Milk
Description
Ignatius drinks milk everyday, now he is in the supermarket and he wants to choose a bottle of milk. There are many kinds of milk in the supermarket, so Ignatius wants to know which kind of milk is the cheapest.
Here are some rules:
1. Ignatius will never drink the milk which is produced 6 days ago or earlier. That means if the milk is produced 2005-1-1, Ignatius will never drink this bottle after 2005-1-6(inclusive).

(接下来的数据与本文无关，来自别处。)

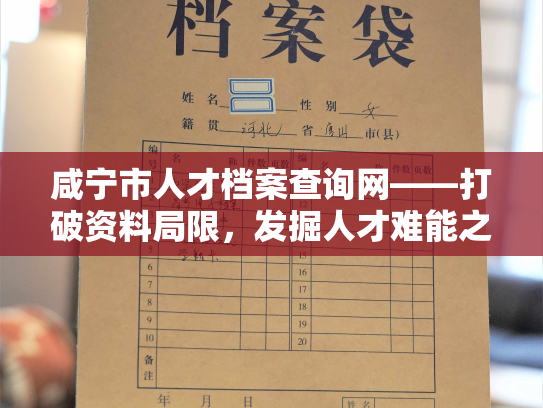 咸宁市人才档案查询网——打破资料局限，发掘人才难能之地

2. Ignatius drinks 200mL milk everyday.
3. If the milk left in the bottle is less than 200mL, Ignatius will throw it away.
4. All the milk in the supermarket is just produced today.
Note that Ignatius only wants to buy one bottle of milk, so if the volumn of a bottle is smaller than 200mL, you should ignore it.
Given some information of milk, your task is to tell Ignatius which milk is the cheapest.
Input
The input contains several test cases. The first line of the input is a single integer T which is the number of test cases. T test cases follow.
Each test case starts with a single integer N(1<=N<=100) which is the number of kinds of milk. Then N lines follow, each line contains a string S(the length will at most 100 characters) which indicate the brand of milk, then two integers for the brand: P(Yuan) which is the price of a bottle, V(mL) which is the volume of a bottle.
Output
For each test case, you should output the brand of the milk which is the cheapest. If there are more than one cheapest brand, you should output the one which has the largest volume.
Sample Input
2
2
Yili 10 500
Mengniu 20 1000
4
Yili 10 500
Mengniu 20 1000
Guangming 1 199
Yanpai 40 10000
Sample Output
Mengniu
Mengniu
Hint
In the first case, milk Yili can be drunk for 2 days, it costs 10 Yuan. Milk Mengniu can be drunk for 5 days, it costs 20 Yuan. So Mengniu is the cheapest.
In the second case,milk Guangming should be ignored. Milk Yanpai can be drunk for 5 days, but it costs 40 Yuan. So Mengniu is the cheapest.
题意:
Ignatius买牛奶,他对喝牛奶要求比较高:
1.他每天喝且仅喝200ml牛奶
2.无论一盒牛奶有多少,他都只喝5天
3.因为懒,因此小于200ml的牛奶他都不屑于买(懒得天天跑超市啊)
4.喝到最后一天牛奶如果剩下小于200ml,他会扔掉不喝。
超市有很多种牛奶,每个价格、容量都不一样。请你帮他求出对他(的要求)来说最便宜的牛奶。
思路:
此题按照 喝牛奶 每天所需要花的钱数 rate 来进行从小到大排序,若钱数一样,则按照容量 从大到小排序。
根据要求,对牛奶容量(<200ml和>1000ml)的分别做特殊处理。<200ml不计入数组(便于排序),>1000ml和只喝5天的价值一样(即每天所花的钱数为总价值/5,剩余的浪费掉了)。
其他情况只需要用总容量/200算出能够喝的天数,再用总价值/天数即可。
最后按照上述规则对排序,数组第一个元素即为所求。
代码:
#include<iostream>
#include<cstdio>
#include<cstring>
#include<algorithm>
#define MAX 105
using namespace std;
struct Milk{
char name[MAX];
int price;
int vol;
double rate;
}milk[MAX];
bool cmp(struct Milk a,struct Milk b)
{
if(a.rate==b.rate) return a.vol>b.vol;
else return a.rate<b.rate;
}
int main()
{
int T,n;
cin>>T;
while(T--)
{
cin>>n;
for(int i=0;i<n;i++)
{
int tp,tv;
char tname[MAX];
cin>>tname>>tp>>tv;
if(tv<200)
{
i--;
n--;
}
if(tv>=200)
{
strcpy(milk[i].name,tname);
milk[i].price=tp;
milk[i].vol=tv;
int day=milk[i].vol/200;
if(milk[i].vol>=1000) milk[i].rate=(1.0*milk[i].price)/5;
else milk[i].rate= (1.0 *milk[i].price)/day;
//cout<<milk[i].rate<<endl;
}
}
sort(milk,milk+n,cmp);
cout<<milk[0].name<<endl;
}
return 0;
}